Analyst Perspectives
The views on the energy sector are sharply divided, with some analysts believing that the current downturn presents an opportunity to buy into quality energy stocks, while others are more cautious about the sector’s prospects. “The energy sector is due for a rebound, in my opinion,” says Chris Stensland. “The current price of oil is still relatively cheap compared to historical averages, and the sector is becoming increasingly attractive from a valuation perspective.”
On the other hand, David Thomas is more skeptical about the sector’s prospects. “The energy sector is due for a correction, in my opinion,” he says. “The price of oil is still relatively high, and the sector is becoming increasingly reliant on debt to finance new projects. I would be cautious about investing in the energy sector at this time.”
⚠️ Key Risk
Alerian MLP's high expenses may erode investor returns over the long term.
Challenges Ahead
One of the biggest challenges facing the energy sector is the ongoing transition to renewable energy sources. As the world becomes increasingly aware of the need to reduce carbon emissions, investors are becoming more attracted to renewable energy companies, such as Vestas Wind Systems and Siemens Gamesa. This has led to increased competition for traditional energy companies, which are struggling to adapt to the changing landscape.

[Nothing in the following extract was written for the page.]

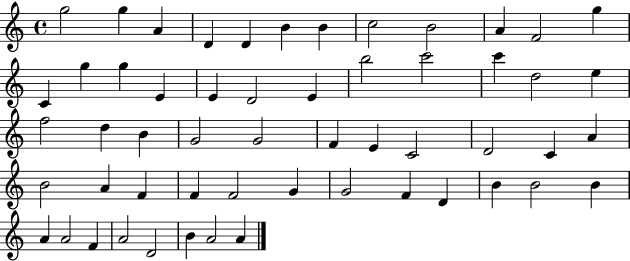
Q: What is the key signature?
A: C major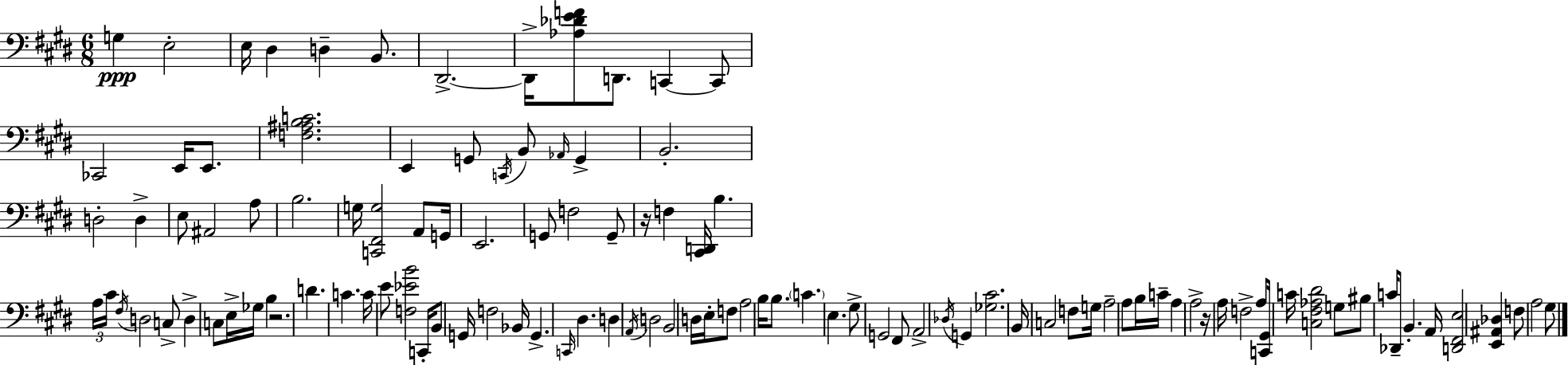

Another challenge facing the energy sector is the uncertainty surrounding global events, such as the ongoing conflict in Ukraine and the COVID-19 pandemic. These events have all contributed to the sector’s volatility, making it difficult for investors to navigate the sector. However, some market participants believe that the current downturn presents an opportunity to buy into quality energy stocks.

The Road Forward
As the energy sector continues to evolve, investors will need to be aware of the challenges and opportunities ahead. The rivalry between Vanguard Energy and Alerian MLP is just one aspect of the sector’s complex dynamics, and investors will need to be nimble and adaptable to navigate the ups and downs of the sector.
In the short term, investors can expect to see increased competition for traditional energy companies, as renewable energy companies continue to gain traction. However, in the long term, the energy sector is likely to continue to play a critical role in the global economy, driving innovation and growth as the world transitions to a more sustainable energy mix.
As Alexandra Lurie notes, “The energy sector is due for a rebound, in my opinion. The current price of oil is still relatively cheap compared to historical averages, and the sector is becoming increasingly attractive from a valuation perspective.” However, as David Thomas cautions, “The energy sector is due for a correction, in my opinion. The price of oil is still relatively high, and the sector is becoming increasingly reliant on debt to finance new projects. I would be cautious about investing in the energy sector at this time.”
Ultimately, the future of the energy sector will depend on a complex interplay of factors, including global events, technological innovation, and investor sentiment. As investors, we must be aware of these dynamics and adapt our strategies accordingly to navigate the sector’s complex landscape.